Page MenuHomePhabricator

Special:Import should skip revisions with identical content to the current revision
Open, Needs TriagePublic

Description

Special:Import currently skips importing revisions when there's an identical revision on the wiki being imported to. However, if a revision being imported has identical content to the current latest revision, but a different author and later timestamp, it gets imported anyways. These revisions are generally not useful, especially when they correspond to some log action such as (un)protection or undeletion, and therefore should be skipped by default. Especially for widely-used templates, this also avoids generating potentially millions of useless update jobs on the queue.

See https://en.wikipedia.org/w/index.php?title=User_talk:MusikAnimal&oldid=952194241#Imports_of_templates/modules and https://en.wikipedia.org/wiki/Special:PermanentLink/951242782#Using_steward_access for a case on en.WP that this would have helped with.

Event Timeline

Can you clarify the specific circumstances in which you would want a revision for import to be skipped? What would the person by trying to do, import the current revision of a page from elsewhere or potentially multiple revisions?

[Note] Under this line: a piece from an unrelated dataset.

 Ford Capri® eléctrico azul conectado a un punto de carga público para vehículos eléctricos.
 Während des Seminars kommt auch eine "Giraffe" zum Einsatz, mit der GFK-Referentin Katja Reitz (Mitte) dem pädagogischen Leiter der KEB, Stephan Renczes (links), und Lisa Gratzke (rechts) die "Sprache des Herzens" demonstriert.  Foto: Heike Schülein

It seems that update jobs should not be queued when there is no change between current and new revisions; that would address one of the concerns.

The specific circumstance is where the imported revision is newer than the current local revision of the page, and would thus replace it and trigger jobs. In this case, if the revision text is identical, there is no point in importing the revision. This can happen if you imported a template or module at some point in the past, and then on the source wiki an edit was made and undone, or the page's protection was changed, or a similar action was performed that generates an empty revision/diff (which will then have a different, later timestamp and (often) a different editor from the older imported revision), and then you reimport the current revision of the page. If the revision to be imported is older than the current local revision, it doesn't really matter if it gets imported or not, and if the export contains the full page history instead of only the current revision, it should be imported regardless (and/or an option to skip importing these revisions should be provided).

It seems that update jobs should not be queued when there is no change between current and new revisions; that would address one of the concerns.

That would help some, yes. I think the annoyance of adding empty revisions is great enough to look into this even without considering the job queue impact, though.

So to be very clear, this report is only about importing the current revision of a page if it is the same as the existing top revision on the local wiki. I am unsure as to whether skipping such revisions ought to be the default, but it could at least be a checkbox.

Yes. Sorry if it seems like I talked around that instead of just saying it outright.